Is Everyone in Your Life a Bot? You Might Not Be Able to Tell.
Imagine you get a call from a work buddy. You make normal small talk. Then he brings up the big acquisition about to be made by your company. The public doesn't know about it. Neither does Wall Street. You talk freely, giving your take on the strategy. You go over the details, all super confidential stuff. In the course of the conversation, your buddy mentions he forgot the access code to get into the share drive. No problem - you remind him what it is.
Later you discover you were talking to an A.I. bot the whole time. It adopted the persona of your work buddy. And all those secrets you gave out just made it into the wrong hands. Your company is sabotaged and you're out of a job, maybe even accused of being part of the scam.
No way that could happen, right? Because you know when you're interacting with an AI bot and when you're talking to a person.
Except a new study says those days might be over.
Chat GPT just passed the Turing Test.
The study was conducted by two cognitive scientists at UC San Diego, published last month but not yet peer-reviewed. They had a simple question: could today's large language models (LLMs) fool someone into thinking they were human? The researchers evaluated several AI systems, including Chat GPT model 4.5 and Meta's LLamMA-3.1-405B.
Chat GPT-4 has already passed the simple two-party version of the Turing Test: a person talks to a bot, and researchers see if the person is fooled. But the harder Turing test - the 'true" version scientist Alan Turing called "the imitation game" in his famous 1950 paper - is the three-party experiment. In this test, there is a human Judge having a conversation with two people. One of the people is actually a machine -- or in this case, an LLM. The three participants communicate only by typing, so there are no visual or audio cues involved. The human Judge has to determine which person in the conversation is not a person at all.
No machine has ever passed the test. We can always tell. Human conversation is complex. Even with the most impressive computers, there's a tell. Maybe the responses are too fast or too perfect. Or they repeat your question exactly before answering, in a way that sounds artificial. One common "tell" is the machine's inability to get sarcasm or jokes.
This recent study involved a five-minute text conversation with no restrictions on what the human Judge could ask. But the Judge could play whatever tricks they felt would trip up the machine. This included small talk about daily activities, personal details, probing emotional qualities, and digging into opinions and personal experiences.

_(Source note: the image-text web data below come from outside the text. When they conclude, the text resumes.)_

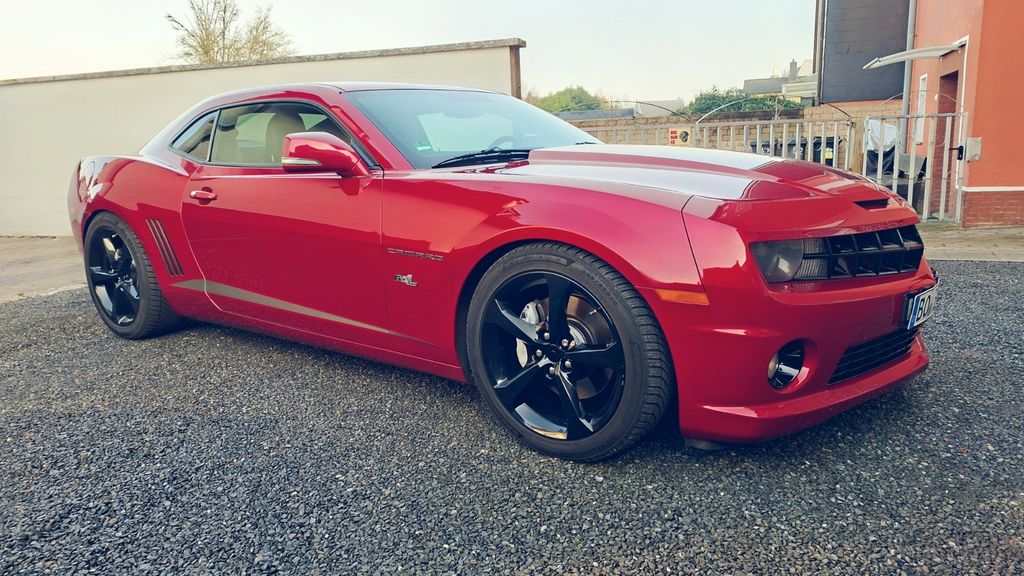 Chevrolet Camaro 198.000 km 18.500 &euro; BOCHUM 44866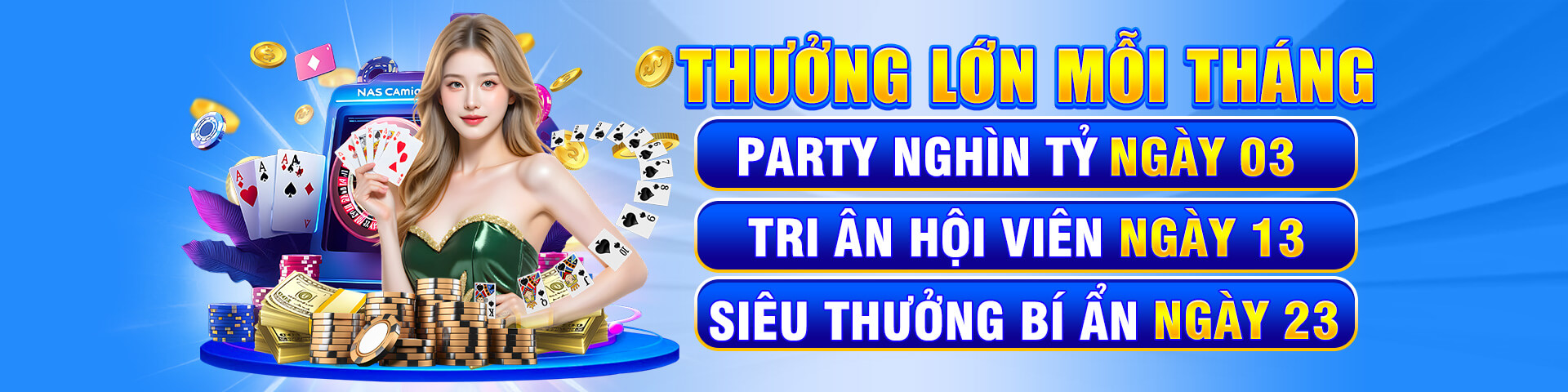 Hình ảnh quảng cáo của daga hiển thị nền tảng và các lợi ích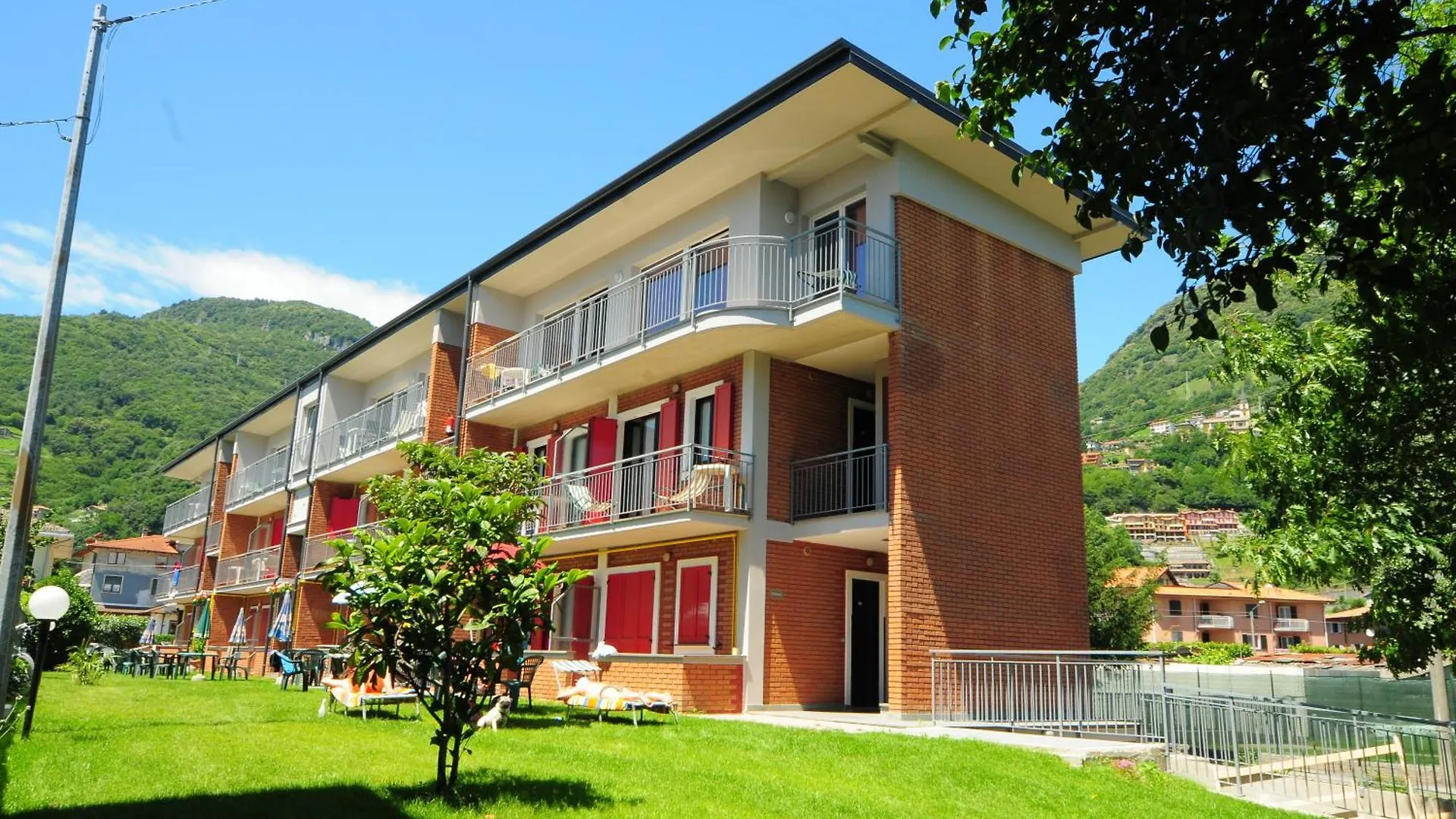 Aparthotel Residence Windsurf Domaso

Judges even asked the direct question: are you human? Of course - disturbingly - this doesn't work because LLMs lie.
Now, the Judge in this test doesn't have to be wrong 100% of the time for the LLM to get the win. They just have to be fooled enough of the time to prove participants can't reliably distinguish between a human and a machine. In this study, that meant the Judge just has to correctly identify the real person more than 50% of the time. Should be easy. It allows for a few mistakes, but most of the time the Judge should pick out the human.

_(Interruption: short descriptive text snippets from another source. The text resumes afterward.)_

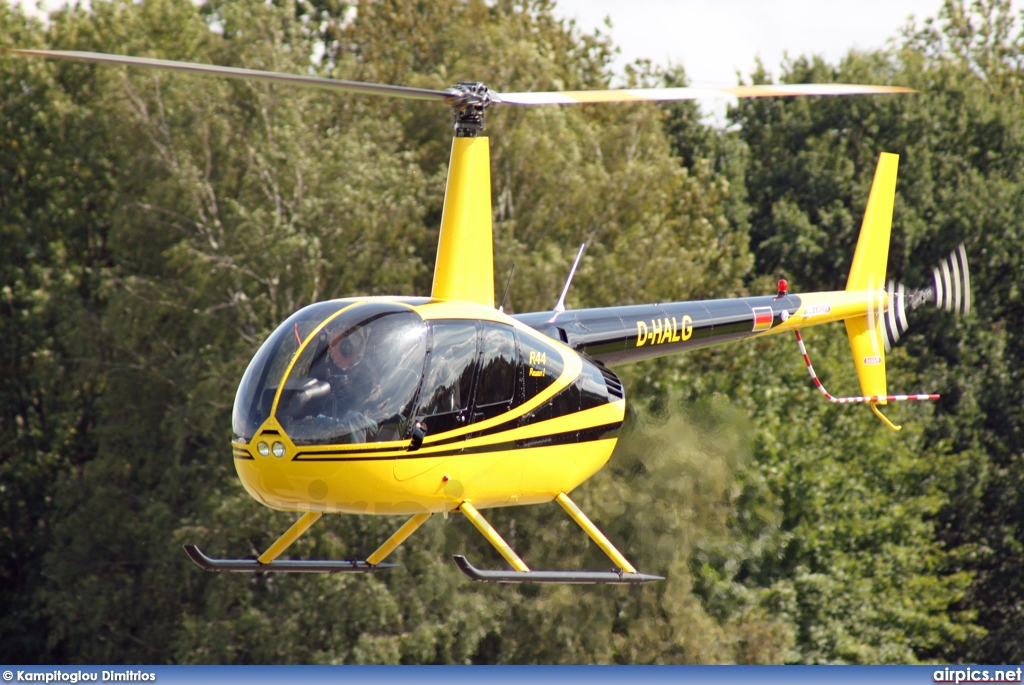 D-HALG, Robinson R44, Private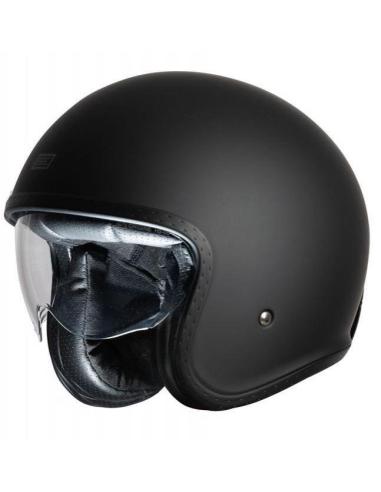 CAPACETE JET SPIRIT PRETO MATE DE ORIGINE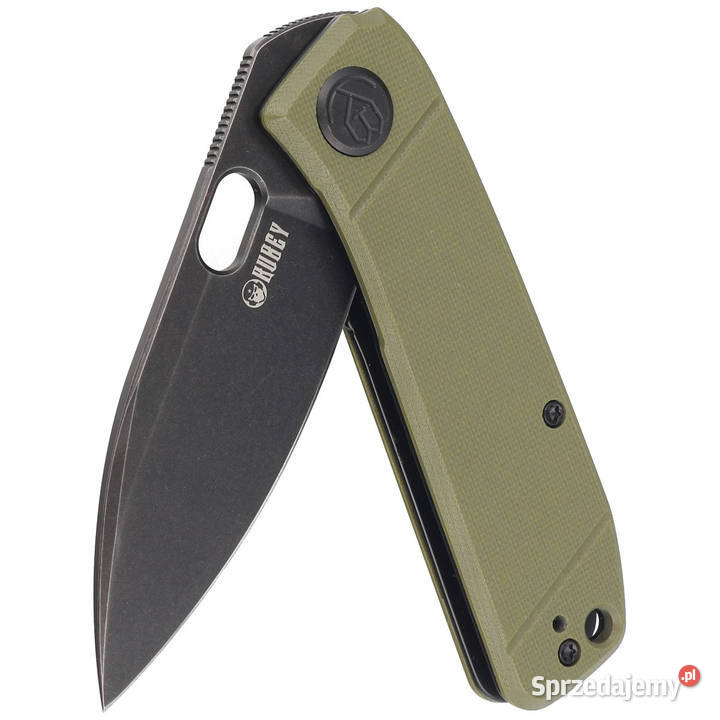 Nóż składany Kubey Hyde Green G10 Dark Akcesoria, narzędzia i noże mazowieckie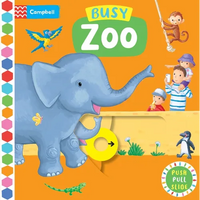 Busy Zoo - Board Book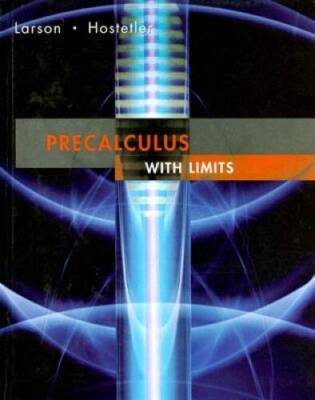 Precalculus with Limits - Hardcover By Larson, Ron - GOOD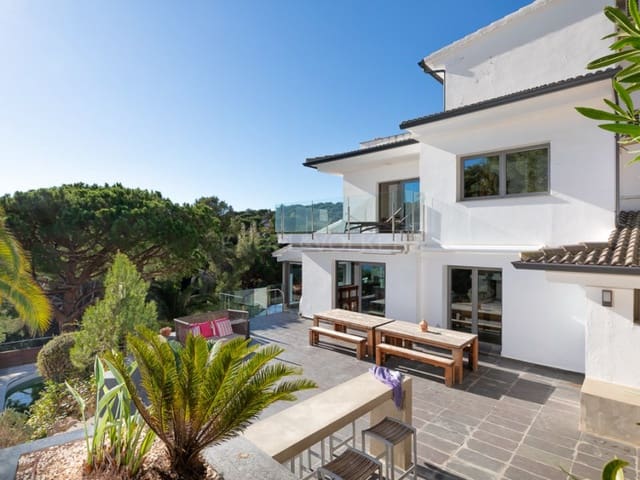 Chalet de 6 habitaciones en Blanes en venta con piscina garaje - 1.695.000 € (Ref: 8010441)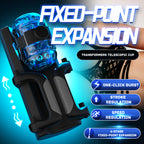 2026 Newest Uxol Cannon King Telescopic Super-long Troke Automatic Male Stroker With Handle – product view 3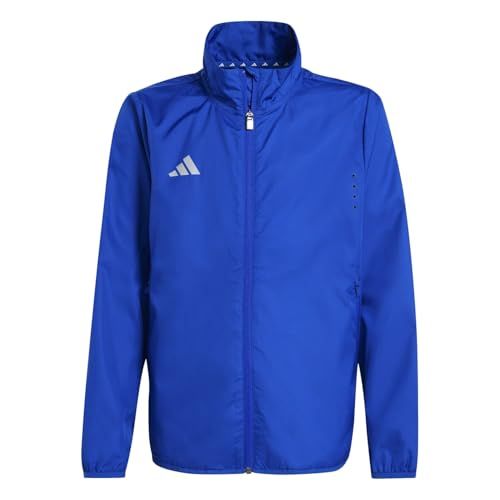 adidas Veste coupe-vent unisexe pour homme 11-12 ans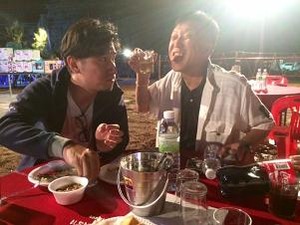 K校で酔う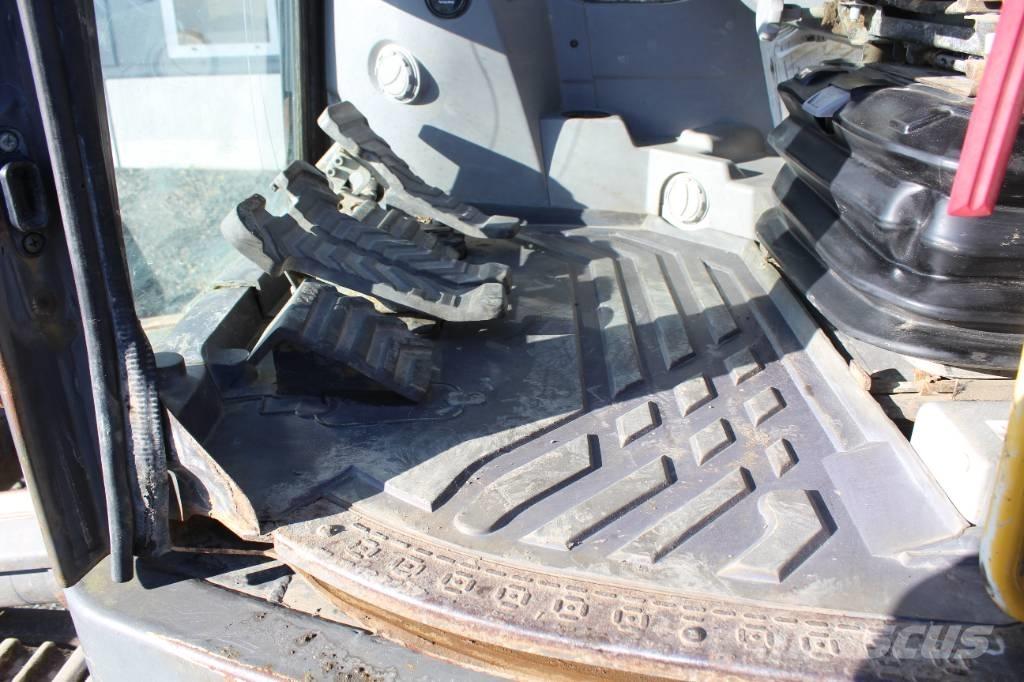 Volvo ECR 145 D Bandgrävare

Turns out, that's not the case.
GPT 4.5 fooled the Judge a staggering 73% of the time. Judges were _more likely_ to believe Chat GPT was human than the real human participant. This rate is significantly above random chance. The LLM won.

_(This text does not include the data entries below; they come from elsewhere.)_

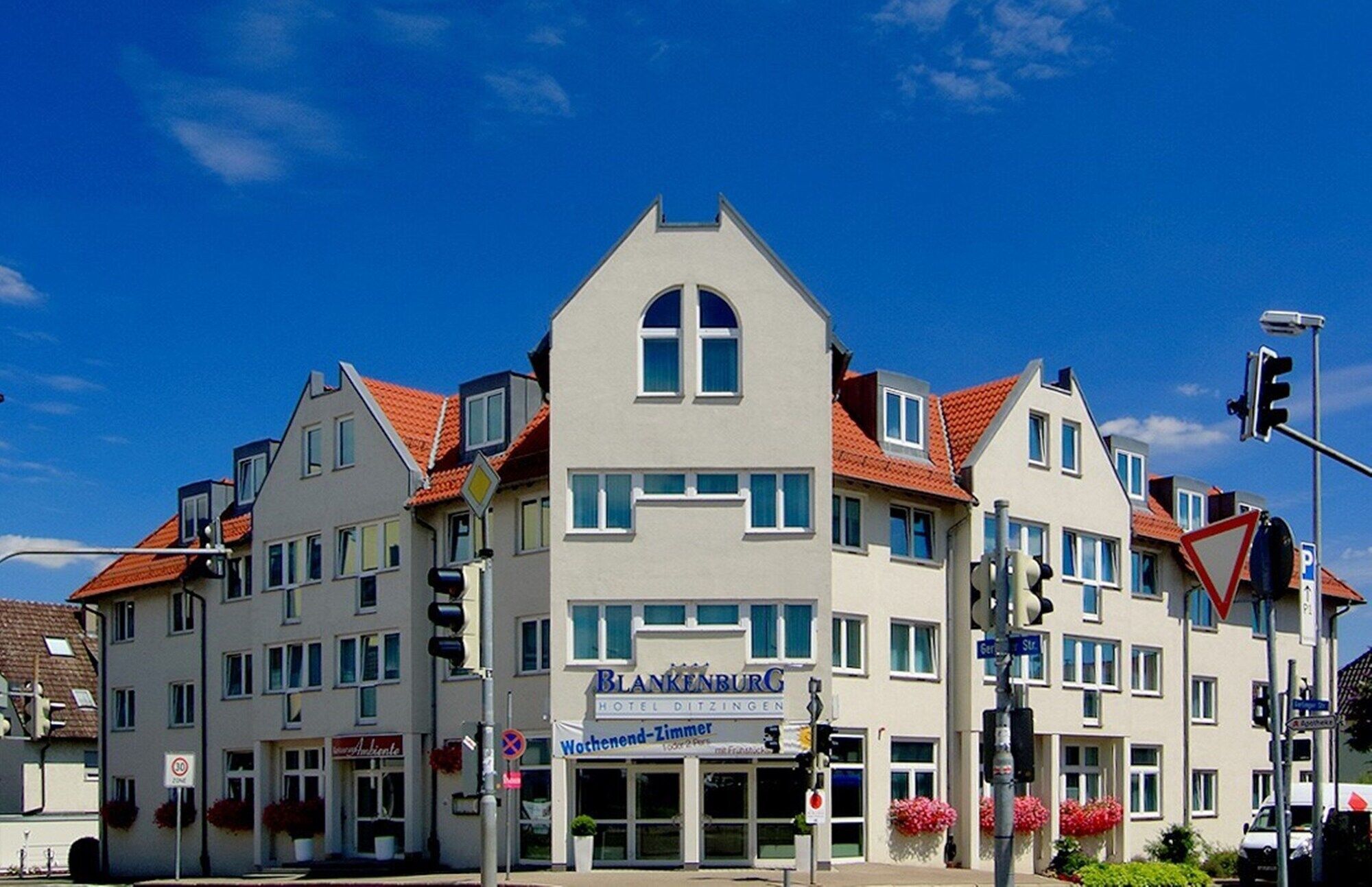 Plaza Hotel Blankenburg Ditzingen, Sure Hotel Collection Exterior photo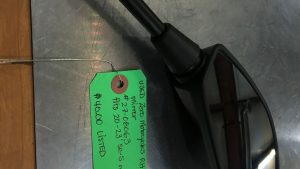 Zero Motorcycle RH Mirror #27-08063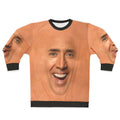 Nicolas Cage Sweatshirt with Funny Graphic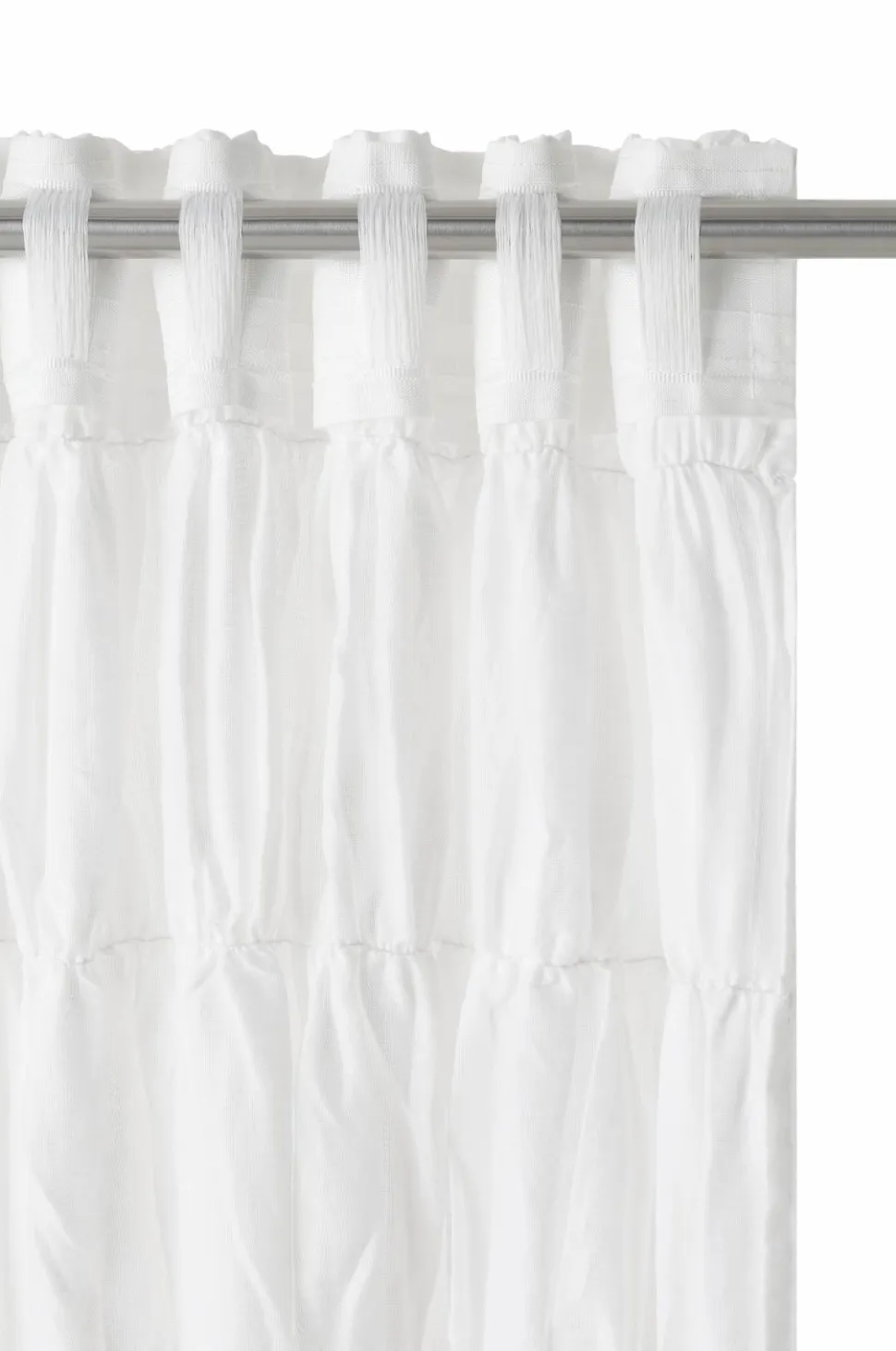 Ellos Home Multibåndsgardin Evita Pleatingtape Curtains 2-pak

For the record, Meta's LLM fooled Judges 56% of the time, which also passes Turing's test.
One interesting reason for the LLM's success was the prompt it was given when entering the conversation. It was asked to adopt a persona. It was mimicking a human personality, specifically a "young person who is introverted, knowledgeable about internet culture, and uses slang". When guided by this parameter, the conversation became believable and convincing to the Judge.
We've officially entered a new age where humans can be fooled by machines. This doesn't mean the machines think for themselves, or have any agency. But it does open the door for the use of "counterfeit personas", fake people leveraged for any number of crimes and manipulations.
So the next time your buddy from work calls to talk shop, you may want to throw in a sarcastic joke or a non-sequitur having nothing to do with anything. Just to make sure the person on the other end is, you know, actually a person.